### PROBLEM STATEMENT
Every line from the one with "Dcim6803/DSC_9354" through the end of the material below, both ends included, should be transcribed exactly, without pictures.

### RECORD EXTRACTS

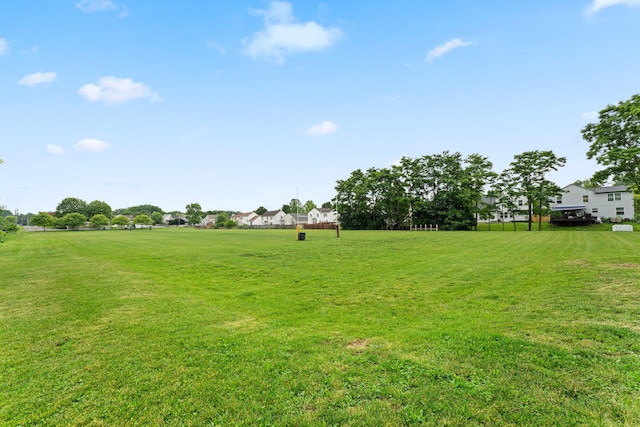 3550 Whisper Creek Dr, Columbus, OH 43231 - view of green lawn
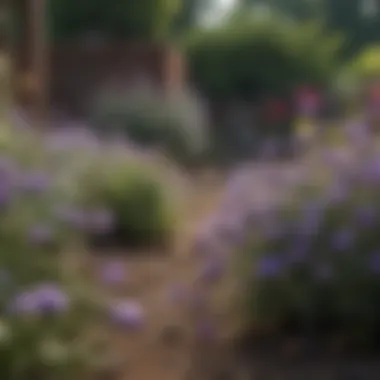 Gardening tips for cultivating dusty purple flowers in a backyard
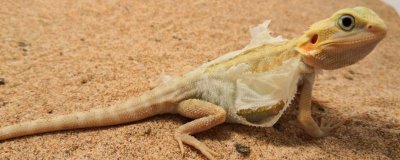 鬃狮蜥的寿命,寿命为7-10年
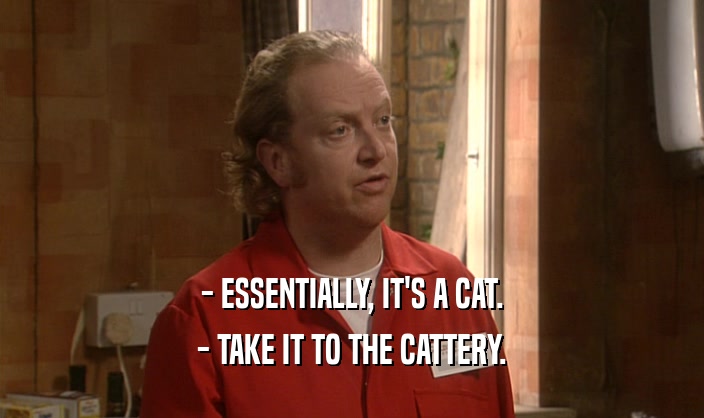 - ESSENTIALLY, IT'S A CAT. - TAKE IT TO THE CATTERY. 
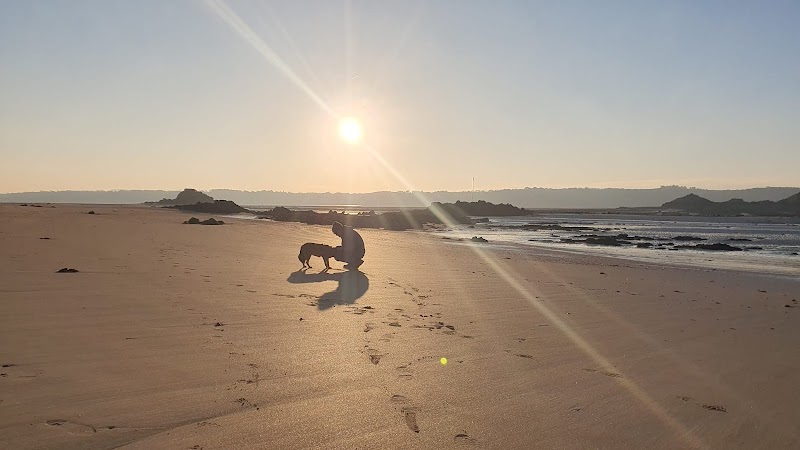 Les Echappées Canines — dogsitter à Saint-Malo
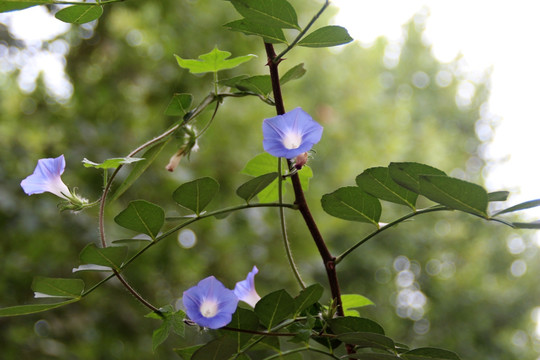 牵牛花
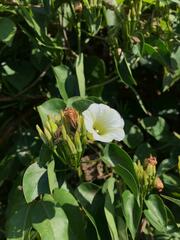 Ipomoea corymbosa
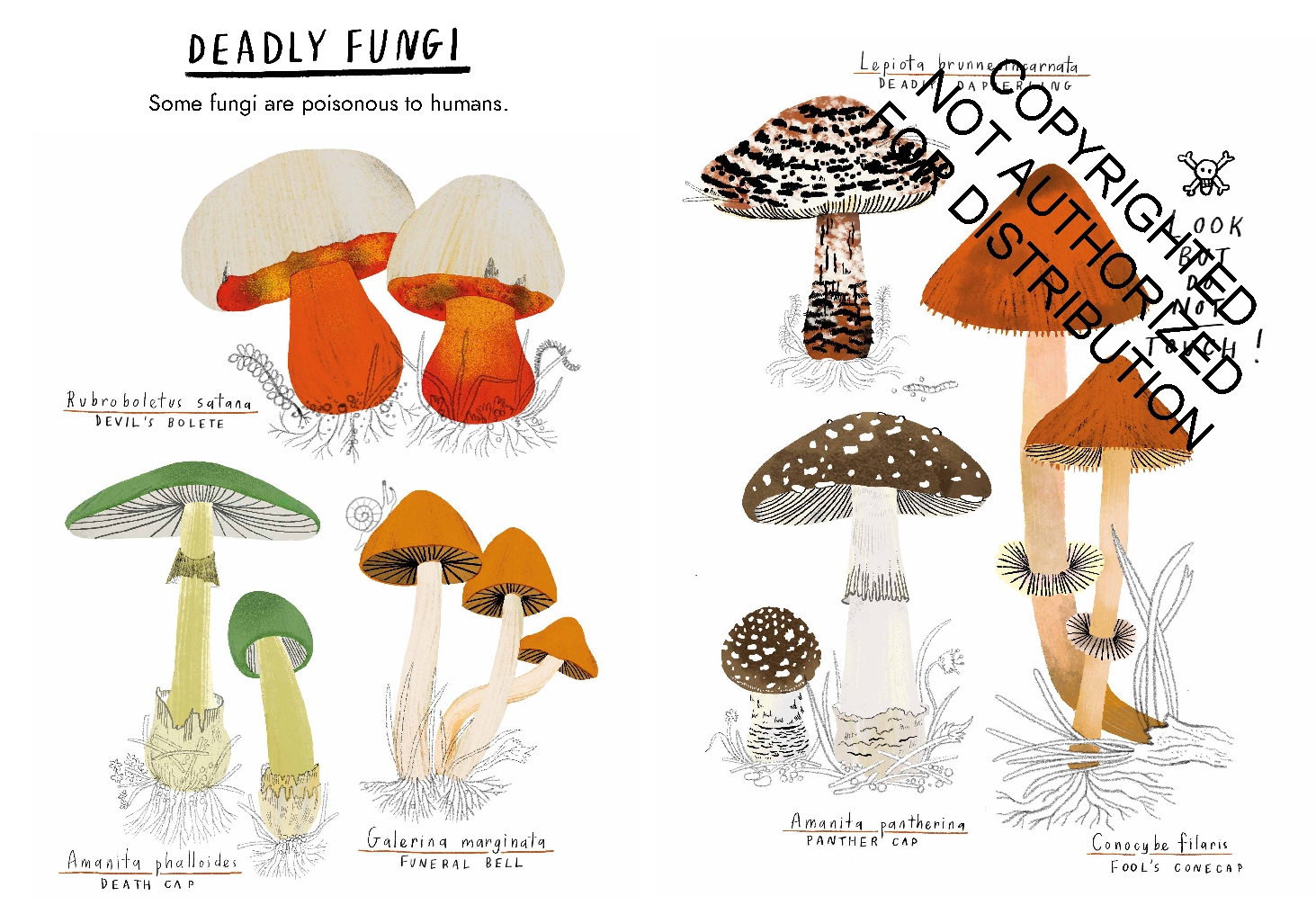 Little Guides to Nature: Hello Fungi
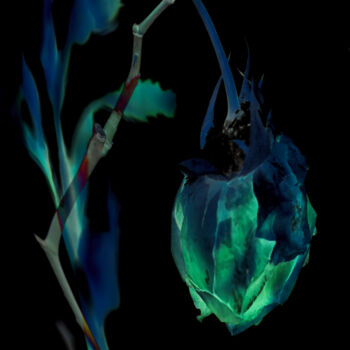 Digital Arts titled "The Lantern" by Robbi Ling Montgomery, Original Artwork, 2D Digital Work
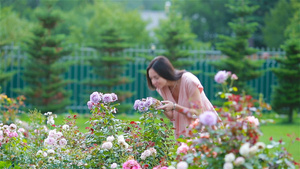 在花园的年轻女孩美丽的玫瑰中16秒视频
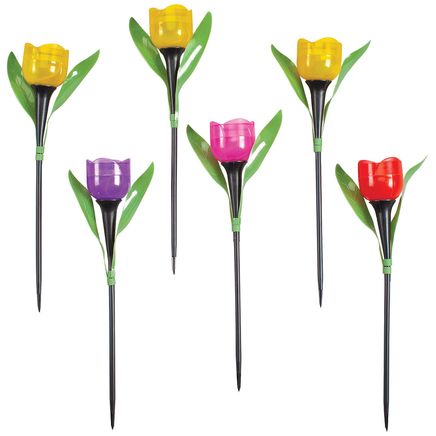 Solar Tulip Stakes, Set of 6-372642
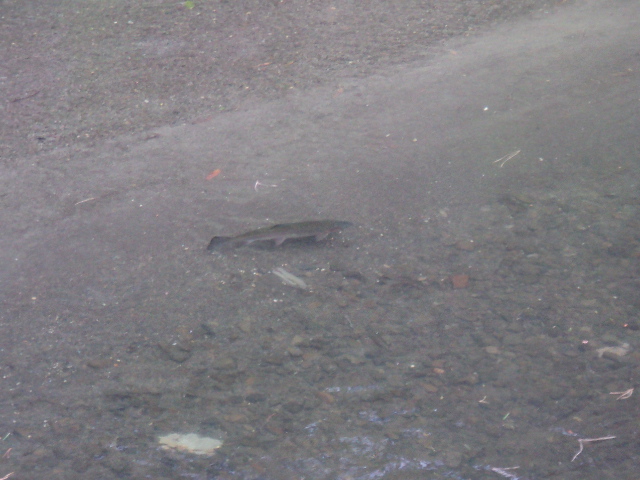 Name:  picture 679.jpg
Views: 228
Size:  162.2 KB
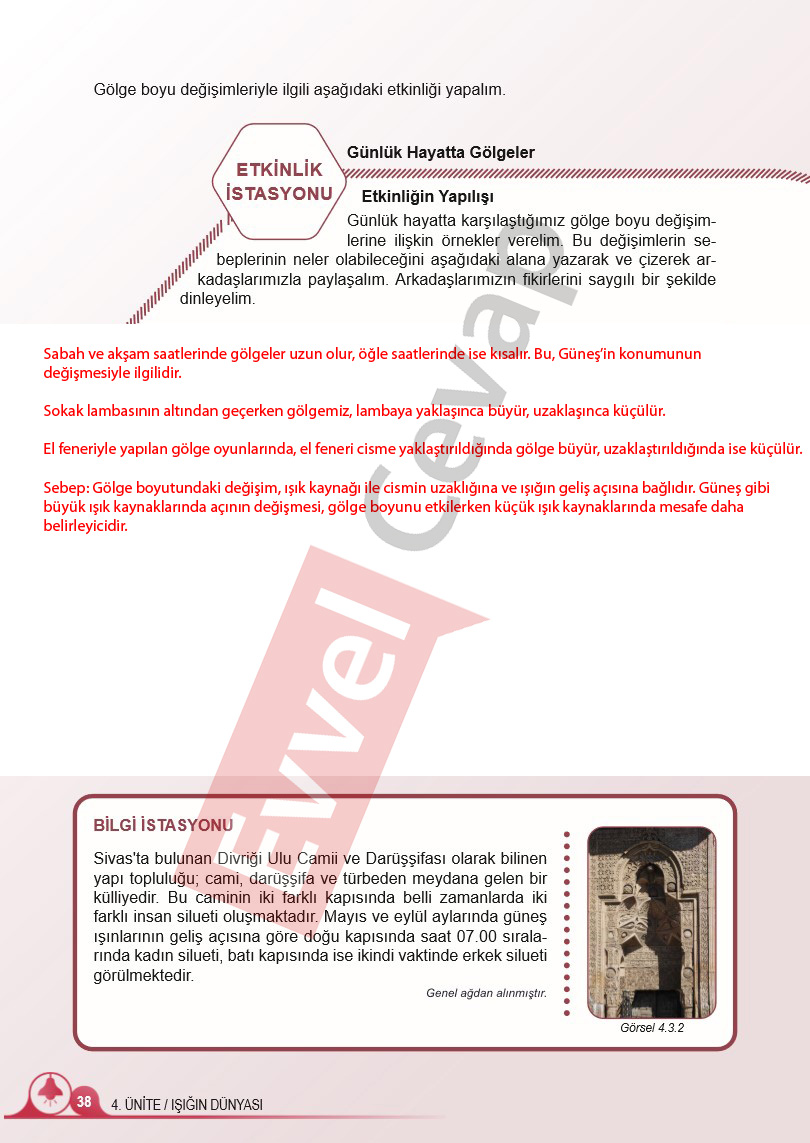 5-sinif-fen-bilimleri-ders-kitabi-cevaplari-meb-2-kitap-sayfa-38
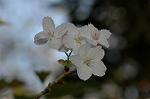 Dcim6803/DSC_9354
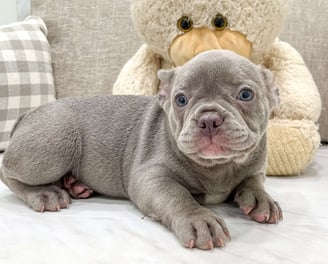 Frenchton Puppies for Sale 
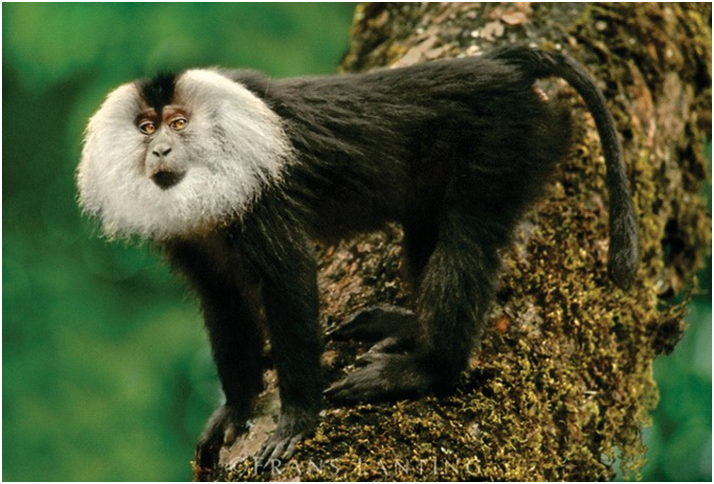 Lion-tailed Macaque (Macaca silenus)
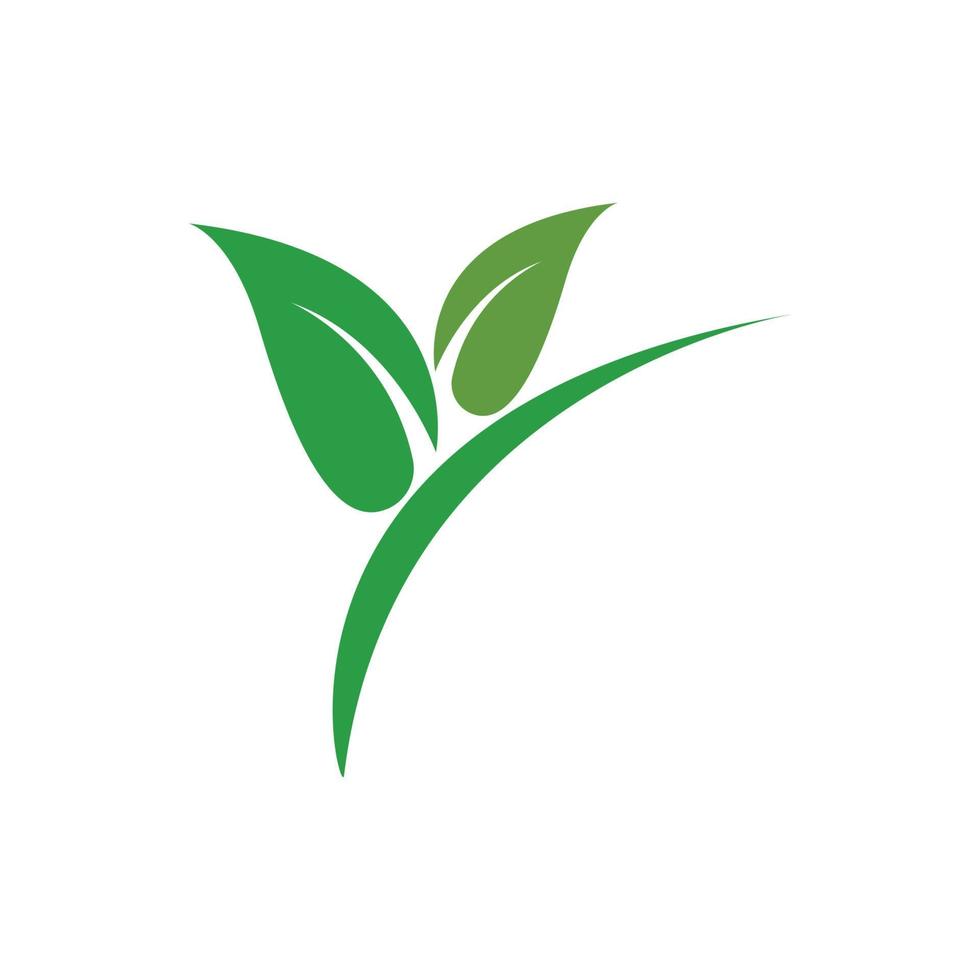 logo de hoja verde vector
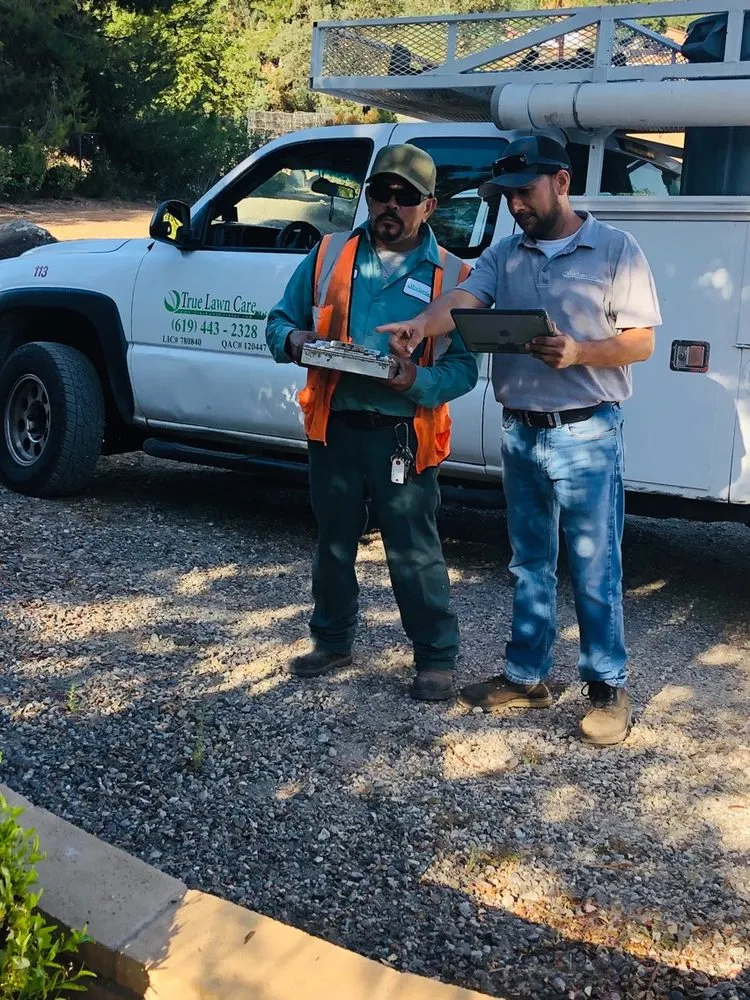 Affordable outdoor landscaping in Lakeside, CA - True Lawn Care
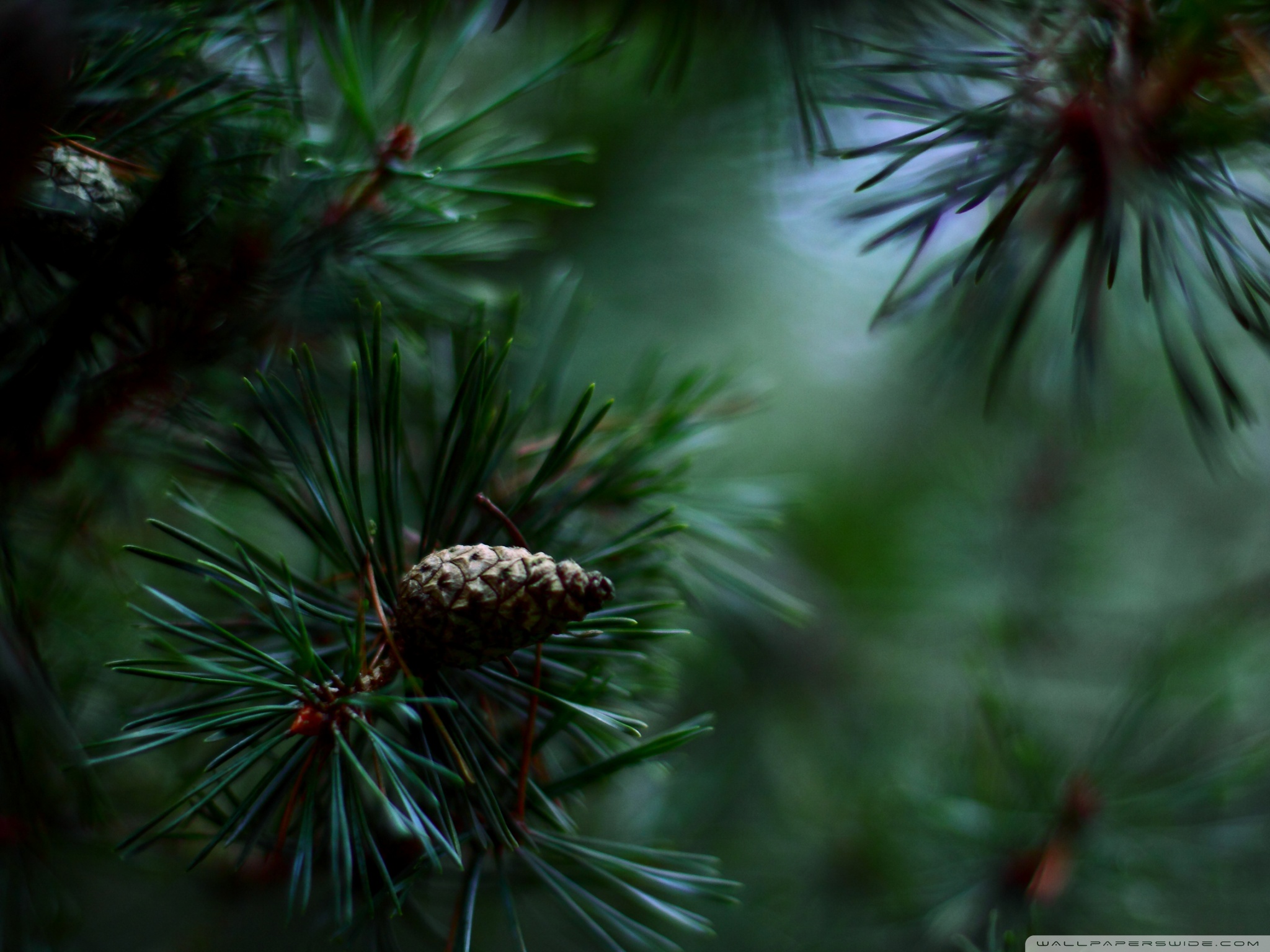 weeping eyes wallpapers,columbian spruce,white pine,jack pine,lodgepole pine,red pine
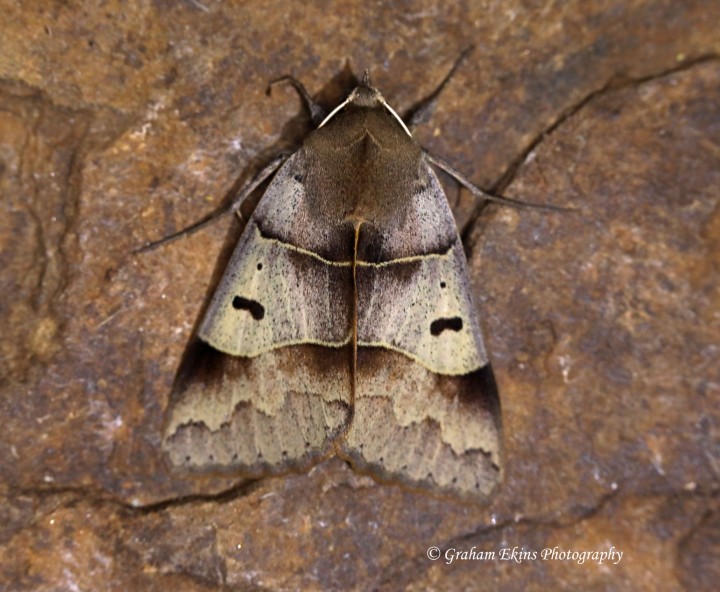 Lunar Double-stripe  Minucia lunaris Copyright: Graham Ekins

### ANSWER SPACE
 Dcim6803/DSC_9354
 Frenchton Puppies for Sale 
 Lion-tailed Macaque (Macaca silenus)
 logo de hoja verde vector
 Affordable outdoor landscaping in Lakeside, CA - True Lawn Care
 weeping eyes wallpapers,columbian spruce,white pine,jack pine,lodgepole pine,red pine
 Lunar Double-stripe  Minucia lunaris Copyright: Graham Ekins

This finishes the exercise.